The product, A×B, is given to mathematician Dr. P. The sum, A+B, is given to mathematician Dr. S. They each know the range of numbers. Their
conversation is as follows:
P: "I don't have the foggiest idea what your sum is, S."
S: "That's no news to me, P. I already knew that you didn't know. I don't know
either."
P: "Aha, NOW I know what your sum must be, S!"
S: "And likewise P, I have figured out your product!!"
What are the numbers?.
Background
& Techniques
Here's a puzzle that seems impossible to solve at first glance.
In fact Martin Gardner called it "The Impossible Problem" in a
1979 Scientific American "Mathematical Games" article.
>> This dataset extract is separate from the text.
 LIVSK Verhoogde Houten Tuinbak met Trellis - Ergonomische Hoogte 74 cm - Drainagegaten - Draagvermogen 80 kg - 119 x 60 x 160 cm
I haven't seen the article in any
of his anthologies, but it is mentioned in the second
reference below. That reference also has includes probably
a dozen variations of the problem, mostly from math and puzzle
newsgroups.
If you want to wok on the problem without a
computer, you can reduce the upper limit of the number range to 20.
With the computer, as the upper limit is raised, the solution soon becomes
nonunique and S could not make his final statement.
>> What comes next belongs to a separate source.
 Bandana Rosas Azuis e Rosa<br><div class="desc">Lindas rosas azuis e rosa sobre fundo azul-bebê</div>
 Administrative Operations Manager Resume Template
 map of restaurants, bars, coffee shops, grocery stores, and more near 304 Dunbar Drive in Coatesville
Here's my approach to solving the problem, lifted
from the program:
 Note that even though there
are similarities, our problem, finding the solution or solutions
to the problem without knowing either the sum or product of the two
numbers is a much larger problem than the professors faced. 
 Observation 1: The product A×B can't be the product of 2 primes, otherwise Dr. P would
know the solution. 
 Observation 2: The product also cannot be the cube of a prime otherwise there would only be one choice for
A and B (p^{2} * p) and Dr. P would have figured that out also. 
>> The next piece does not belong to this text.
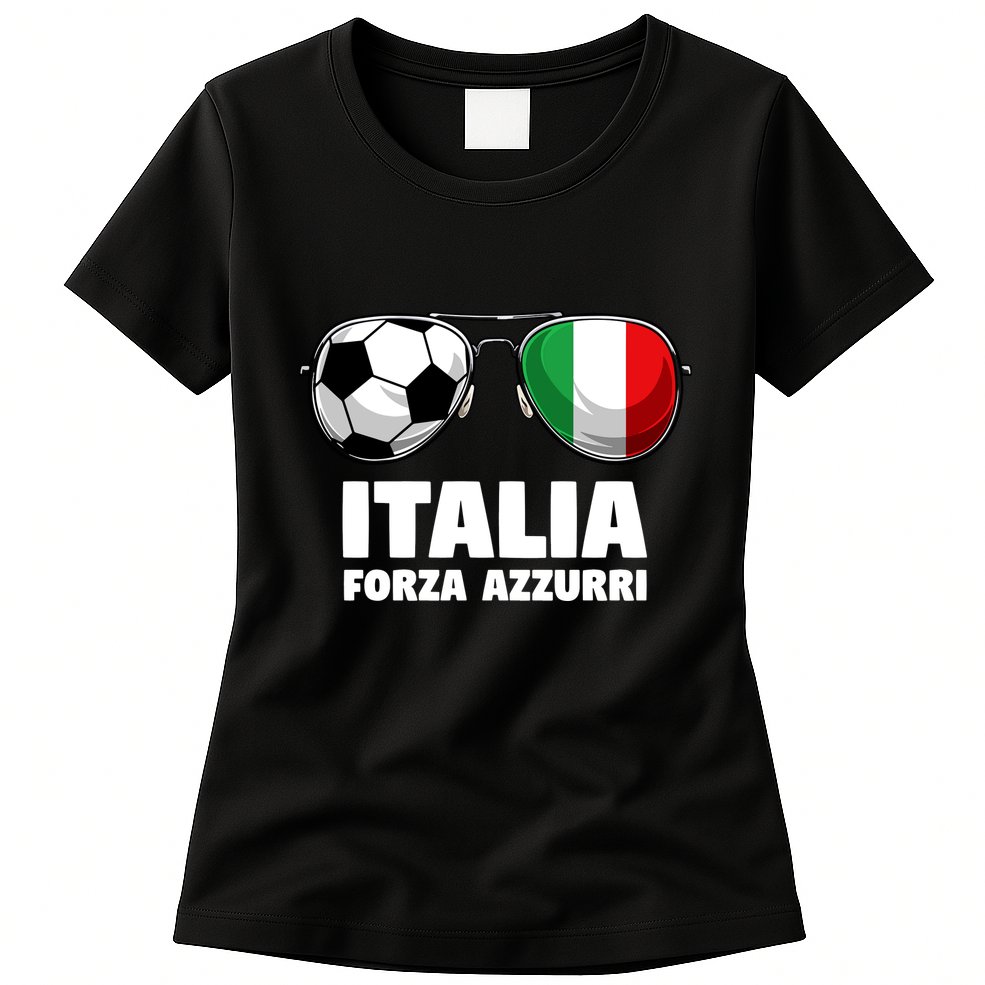 Italia Forza Azzuri Soccer Italian Flag Sunglasses Pride Womens T-Shirt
 Observation 3: The sum A+B given to Dr. S must not be expressible as sum of two primes, otherwise Dr. S could not have been sure in
advance that Dr. P did not know the numbers. 
 Action 1: So we will make a list of all possible sums which pass the filters defined by
the above three observations. Call it SumList1. (Dr.
S at this point would need only to examine pairs of numbers that sum to
his given value. See the "Walkthrough" page in the
program for
specifics.) 
 Observation 4: Since Dr. P says that he knows the numbers in his second response, there must be only one factorization of
his product into two numbers whose sum is in Sumlist1.
(Dr. P at this point only knows the pairs of numbers which sum to the
two term factorizations of the product he was given. See the
program Walkthrough page in the program for specifics.)

 Action 2: Once he knows that Dr. P had a unique
factorization, Dr. S is smart enough to make a second list from
his first sum list keeping those that meet the criteria of Observation 4. Of these
possible pairs, there must be only one whose sum occurs in only one
way, otherwise Dr. S could not say that he knows the number also.
We will do the same thing with our larger sum list 
 Action 3: For our solution, by keeping a count of how many times each unique sum occurs
(and the numbers that form that sum) in Sumlist2, we find
unique sums. 
Here are a couple of the best references I've
found. This Dr.
Math page is a reasonably understandable
discussion. And Torsten Sillke has put together
this
good collection of references mainly from puzzle and mathematics
newsgroup archives.
Notes for Programmers
The program is a pretty straightforward implementation of the above
"Approach" list. This is a case where
deciding what to do was much harder than doing it. I used the
previously posted U_Prime unit from the Prime
Factors 1 program unit to find prime factorizations and test for
primality where
necessary.
There are less than 100 lines of code here (Beginners size), but I
think I'll classify the program as Intermediate anyway so as not to
scramble the brains of any true beginners that might tackle
it.
Addendum November 8, 2007: Finally, an update! One
of the disadvantages of being a high achiever is amount of time spent
finding answers to questions of little significance. Kind of like
climbers and their mountains  we do it because they are there.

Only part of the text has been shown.